## Work request
Give back exactly the lines of the material below, starting with the line with "Pacheco entrega uno" and going on through the line with "W. Schreyer, Roland".

## Provided entries

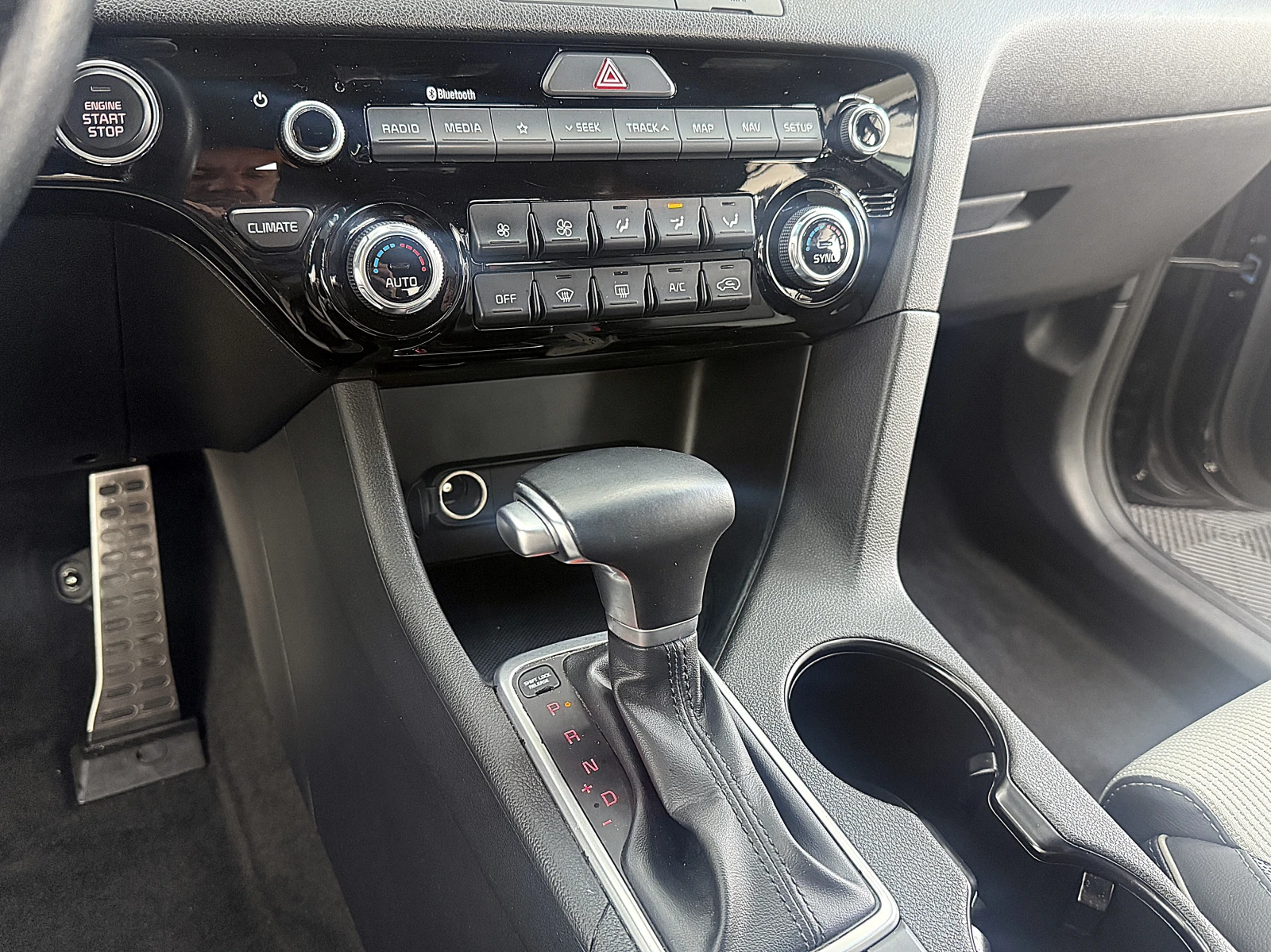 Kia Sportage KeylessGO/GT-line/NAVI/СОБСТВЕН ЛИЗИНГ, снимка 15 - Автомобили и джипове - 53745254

* * *

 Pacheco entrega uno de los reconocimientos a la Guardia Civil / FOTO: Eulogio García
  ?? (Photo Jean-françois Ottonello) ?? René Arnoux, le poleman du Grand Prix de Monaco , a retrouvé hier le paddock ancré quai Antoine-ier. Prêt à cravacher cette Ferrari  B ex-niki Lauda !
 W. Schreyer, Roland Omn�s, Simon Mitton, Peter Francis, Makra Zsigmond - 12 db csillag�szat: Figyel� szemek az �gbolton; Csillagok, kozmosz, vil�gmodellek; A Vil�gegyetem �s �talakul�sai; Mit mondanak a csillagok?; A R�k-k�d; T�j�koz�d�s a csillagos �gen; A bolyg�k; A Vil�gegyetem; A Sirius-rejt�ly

## Result
 Pacheco entrega uno de los reconocimientos a la Guardia Civil / FOTO: Eulogio García
  ?? (Photo Jean-françois Ottonello) ?? René Arnoux, le poleman du Grand Prix de Monaco , a retrouvé hier le paddock ancré quai Antoine-ier. Prêt à cravacher cette Ferrari  B ex-niki Lauda !
 W. Schreyer, Roland Omn�s, Simon Mitton, Peter Francis, Makra Zsigmond - 12 db csillag�szat: Figyel� szemek az �gbolton; Csillagok, kozmosz, vil�gmodellek; A Vil�gegyetem �s �talakul�sai; Mit mondanak a csillagok?; A R�k-k�d; T�j�koz�d�s a csillagos �gen; A bolyg�k; A Vil�gegyetem; A Sirius-rejt�ly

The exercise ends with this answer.